Thunder is my favourite adventure comic and I was over the moon when I discovered it also had some annuals. Although the title folded after a short run of just 22 issues in March 1971 several annuals appeared under its name. There were three in total, and ran from 1972 to 1974. All the annuals have beautiful, hand-painted covers, and I'll be taking a look at each annual individually for this post.
The 1972 annual has my favourite cover. The art is just fantastic in every aspect - the brush strokes in the sky which give a sense of a calm and peaceful setting as well as showing rays of sunlight and movement, the way the illustration seems to move so fast and the beautiful background scenery, which is vexed and disturbed by the ferocious giant bat viciously attacking a German plane! The artist must have spent many hours of dedicated work on the cover, which is based upon the strip Black Max (which was illustrated by Alfonso Font in the weekly, but whether or not he drew this cover I can't say).
There is just so much to look at on that cover, and I feel reluctant to continue inside, but continue I will.
The first page inside has an advertisement for the story Deadly Danger in the Garden Of Fear. It's a very long story - 28 pages split into two parts. That's a bit too long to be showing here, but here's one page so you get to see what the story is about.
This 60p annual also came with facts, jokes and puzzles, and unlike many annuals of the time, also had a few text stories in there too!
Thunder also had one or two humour strips within its pages, such as Sam, which was a reprint of Leo Baxendale's Biff. Here however, is a Spooks of St. Luke's strip. Now I can't be sure, but I suspect this is a reprint from Lion comic.
Onwards to 1973!
The 1973 annual has my least favourite cover. Although it is still a good illustration, it doesn't seem to have as much life as the other two, although that said and I do like the steam coming out of the tank's barrel. I think that the Steel Commando's artist was Alex Henderson, so I'll assume he drew this cover as well.

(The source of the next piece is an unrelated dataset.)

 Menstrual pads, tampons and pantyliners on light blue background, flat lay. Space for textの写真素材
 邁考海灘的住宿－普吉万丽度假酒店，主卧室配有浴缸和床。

This annual cost 65p - five pence more that the one preceding it, and just like the other twp the first page advertised a strip that appeared later in the book, this time Fury's Family.
I haven't shown any complete adventure strips yet, so I show this eight-page adventure that goes by the title of The Lair Of The Beast. I don't know who drew it, but they also drew a strip with the same characters in the previous annual, called 'The Quest For The Golden Egg'. There was a final one in the following annual, entitled 'The Forbidden Valley'.
This annual also had a nice snowy Sam strip; I love snow in comics!
This final Thunder annual cost five pence more still, coming up to a total price of 70p with Adam Eterno starring on the cover. Black Max was the advertised strip this time, with a very nice full-page illustration too, I love the use of the full moon in the background.
And the last strip I'll be showing is Phil the Fluter. Phil had twice as many pages per strip in the annual compared to the weekly comic, with each strip being spread out over four pages rather than the usual two. I think the artist is Tom Kerr.
That sums up the look at these three annuals. They weren't ridiculously expensive, although did cost a bit more that the Beano and Dandy books from the same years, as would be expected. However, the first annual must have been popular enough for another two to follow it, and they each had 160 pages filled with fantastic artwork, so you were definitely getting value for money.
It's a real shame Thunder didn't catch on, it was a very quality comic with fantastic art in each and every issue. Instead of the success it deserved, it folded into Lion in March 1971 after a mere 22 issues.